The code was later changed up by @fhdk to send the data when a config option is set (off by default): ae3d5dd6
The question is now though: Why do we have the telemetry code at all?
- Even if a user does opt-in, we don't use the data at all.
- pacman-mirrors is not the right tool to hook into because it won't be available on future immutable images.
- And to be honest an opt-in telemetry is basically useless as the data is highly skewed.
Therefore the code should be removed.
Alternatives
But I still think some more intelligence in our data gathering would be useful. There are two goals with it though that need to be distinguished.

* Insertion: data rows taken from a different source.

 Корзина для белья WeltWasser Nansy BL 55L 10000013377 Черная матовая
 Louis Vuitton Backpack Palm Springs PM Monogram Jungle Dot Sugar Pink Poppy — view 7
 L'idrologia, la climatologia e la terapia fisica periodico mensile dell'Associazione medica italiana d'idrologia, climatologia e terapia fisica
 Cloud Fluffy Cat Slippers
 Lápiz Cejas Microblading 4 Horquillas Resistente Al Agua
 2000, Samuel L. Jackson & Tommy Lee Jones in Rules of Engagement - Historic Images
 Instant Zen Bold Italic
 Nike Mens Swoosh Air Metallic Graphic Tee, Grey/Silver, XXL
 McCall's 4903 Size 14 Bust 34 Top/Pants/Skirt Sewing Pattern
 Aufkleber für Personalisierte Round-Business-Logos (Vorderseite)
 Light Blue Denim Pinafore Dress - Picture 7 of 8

Improving current installs counting
Currently we count installs via the requests from NetworkManager to ping.manjaro.org. This can be simulated like this:
curl -A "" -I http://ping.manjaro.org/check_network_status.txt
The problem is that this only gives us a ping + IP on our backend side (we use Matomo) to identify unique installs/machines what is very inaccurate. All Manjaro computers in the same lan would be only counted as 1. For example we have here at home 3 laptops and 1 computer with Manjaro on it, but because they are in the same lan, it will only be counted as 1. On the other side if I travel with my laptop it will be counted as a new one if I go online via my mobile hotspot.
Processing more data to identify unique machines would improve this a lot. For that the data does not need to be shared. For example we can build a hash from some unique machine data (MAC address plus CPU name) and send this hash as a payload to distinguish machines.

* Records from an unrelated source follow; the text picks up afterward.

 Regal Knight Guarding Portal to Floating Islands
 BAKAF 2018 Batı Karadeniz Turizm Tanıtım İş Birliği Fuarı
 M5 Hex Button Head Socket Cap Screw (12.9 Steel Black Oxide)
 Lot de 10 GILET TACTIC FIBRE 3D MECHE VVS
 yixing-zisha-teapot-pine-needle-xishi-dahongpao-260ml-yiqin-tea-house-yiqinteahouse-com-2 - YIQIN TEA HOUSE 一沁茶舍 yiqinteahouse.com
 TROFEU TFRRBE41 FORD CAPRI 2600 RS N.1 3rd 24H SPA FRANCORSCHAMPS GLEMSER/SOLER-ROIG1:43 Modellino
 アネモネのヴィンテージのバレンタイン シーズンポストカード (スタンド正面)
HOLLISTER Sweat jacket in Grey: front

This seems not to be possible though with NetworkManager's simple ping mechanism. And as argued above pacman-mirrors is not a suitable replacement either. Is there some other user process that would be suitable for that?
On the backend side we need to find out if Matomo can rely on such a directly provided hash for its User IDs generation.
Gather more hardware data
Of course having more data about the systems that Manjaro is running on, would always be helpful for us so we better know what we should prioritize in our development efforts. But neither NetworkManager nor pacman-mirrors are suitable homes for that. Maybe that should actually go into a separate process/package. The data must be sent encrypted and only once after boot. It also only makes sense if it's opt-out.

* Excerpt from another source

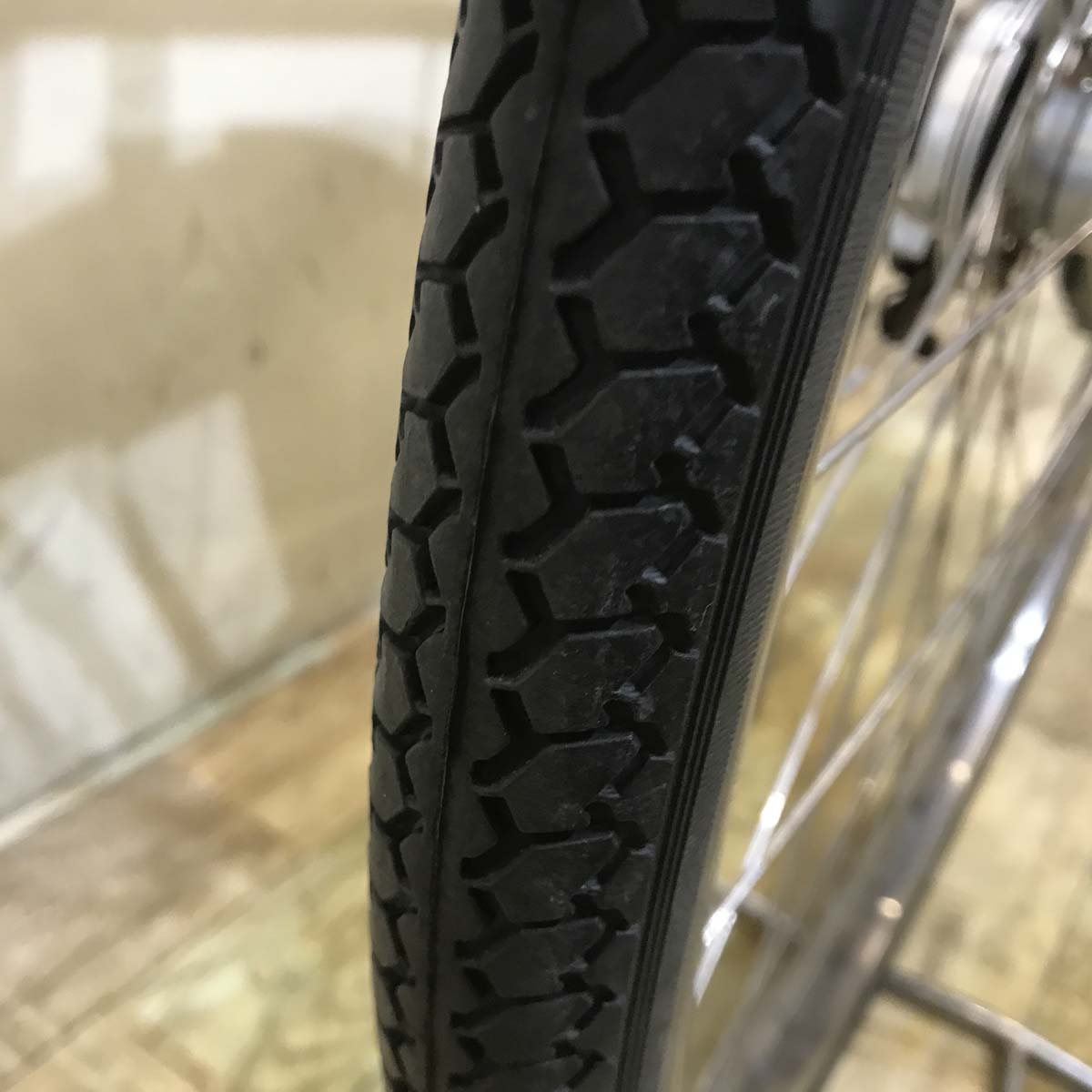 中古電動自転車 ヤマハ PAS ナチュラ L DX ベージュ 26インチ KE044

To build a system for this kind of data collection is a more long-term project and the question is if it's worth the cost. For example I don't believe that Matomo is a suitable tool to interpret such data, so we would need to find or create a different system for our servers to run.
Replace install counting via NetworkManager pings
The user counting with hash payload, but definitely gathering more hardware data, makes it necessary to use a different process for the communication than changing the ping destination of NetworkManager. And in general I would like to not use the NetworkManager ping-mechanism for install counting as it does this every 5 minutes (I know it needs to ping "something" anyway, but it's a question of principle). It would be enough to send a single request with hash once after boot. Is there a process we could use for that? We could also just ship a systemd unit doing this once after boot when network is available, right? This seems like a cleaner solution to me.